Central features of the Party-Army are:

• Absolute allegiance to the Party above all else. PLA members swear loyalty to the Chinese Communist Party, not to the Chinese State.
• Centralized Party command.
o The PLA’s national command authority (the Central Military Commission, or CMC, of the Central Committee of the Chinese Communist Party) is a Party organization.
o Party structures exist at all levels of the PLA and play a central role in unit-level decisions.
• Weak state authority. State institutions also have little power over the Chinese military.
o There is a State CMC, but it is a “shell” organization whose membership is usually identical to that of the Party CMC.
o The Ministry of National Defense (MND) exists mostly for protocol purposes and to organize exchanges with foreign militaries. Its Minister is a powerful individual, but his power comes not from his state position but from his positions in the top echelons of the Party.
• Dual leadership. All PLA units are led jointly by a military commander and a political officer. These two officers are considered co-equals and exercise joint leadership over the unit.

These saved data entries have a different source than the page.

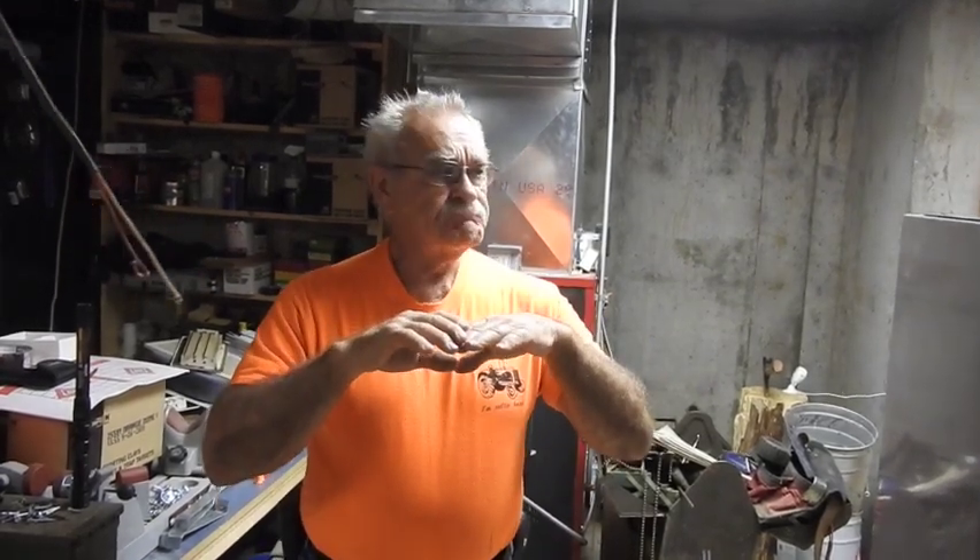Good morning everyone. Track Command 44 here. Today's the first day we're going to begin the process of installing a whole new system.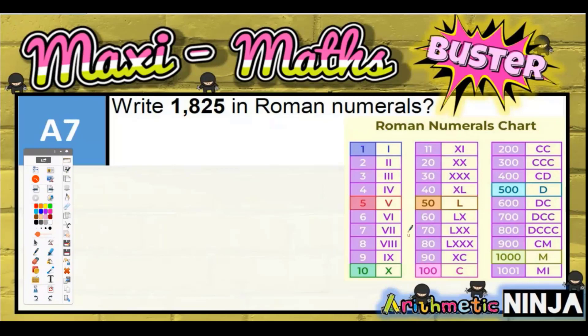We've got 1000, and 1000 has its own letter which is M. Since it's 1000, it's just one M. 800 is basically going to be the 500 building block, which is D.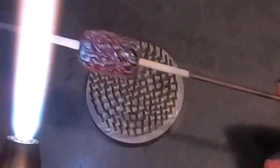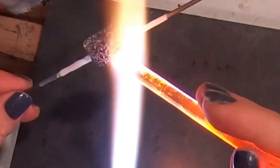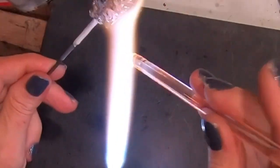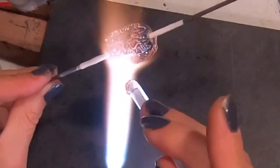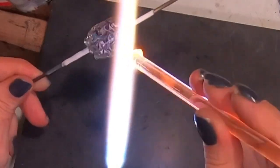This will give you a really nice curtain of bubbles. Let it cool down for just a split second, then we're going to add a nice layer of clear all over. As you're adding this layer, you'll start to see the bubbles emerge from underneath your glass — it's really beautiful to watch this whole process happen in the flame.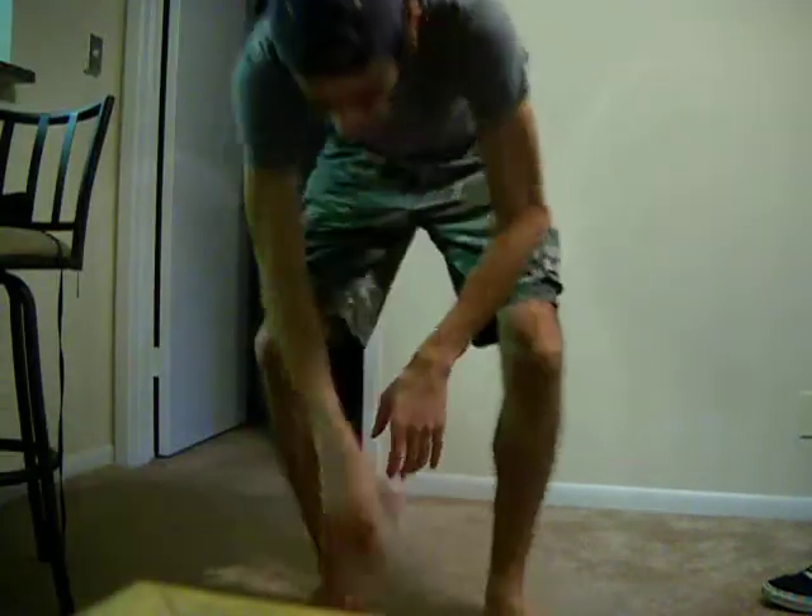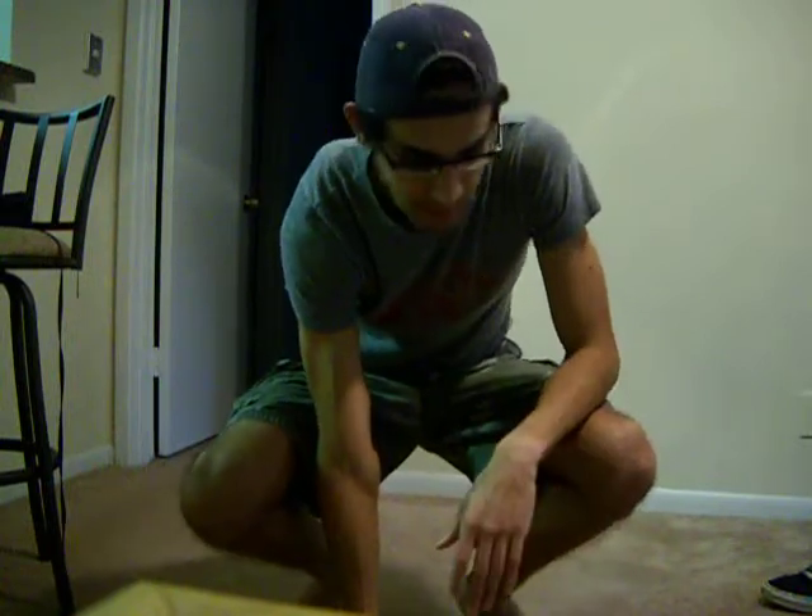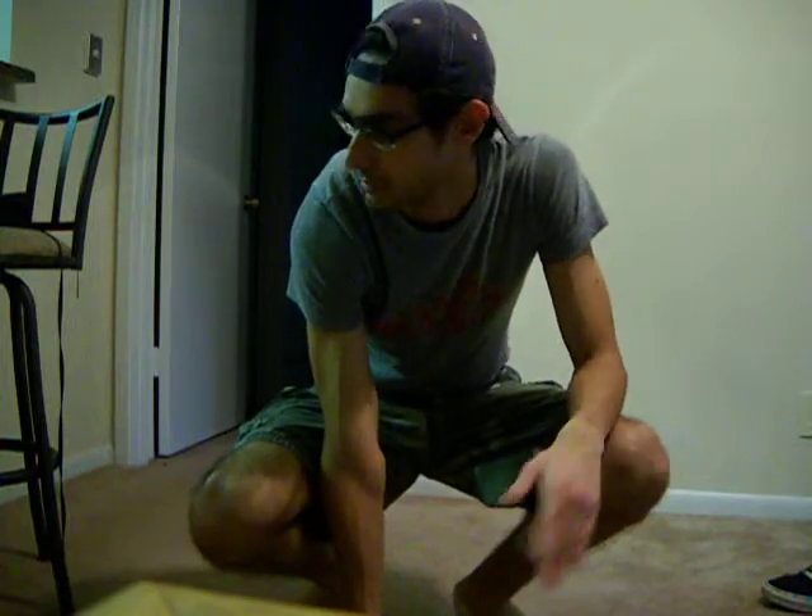Hey YouTube, what's up? I wanted to talk about a stance that is in martial arts, mainly. It's pretty much the foundation of what you do. It's pretty much called a horse stance — the Japanese and the Chinese call it something else, but I'll just demonstrate how it is.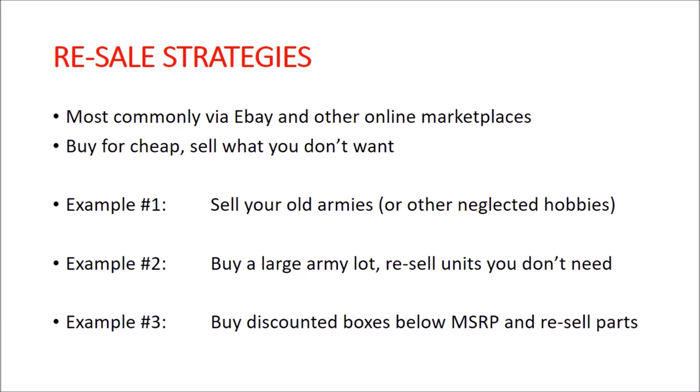Example number two: buy a large army lot — or not necessarily that large — buy an army or parts of an army from someone through eBay or similar, and just resell the things you don't actually want. You can take this to the next level: find army lots that are very inexpensive and, if you're willing to invest the time and patience, buy a highly discounted army lot, break it up into individual lots, and resell those for a profit. I know people who regularly do this.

• A comprehensive system of Party organizations and “political work.” Political officers and Party committees oversee the day-to-day implementation of “military political work” at every level of the PLA. Political work is the primary mode by which the PLA:
o Carries out the Party’s objectives
o Manages its human resources
o Manages its relations with the civilian population
o Conducts many aspects of training, indoctrination, and wartime activities to co-opt, coerce, or undermine enemy forces.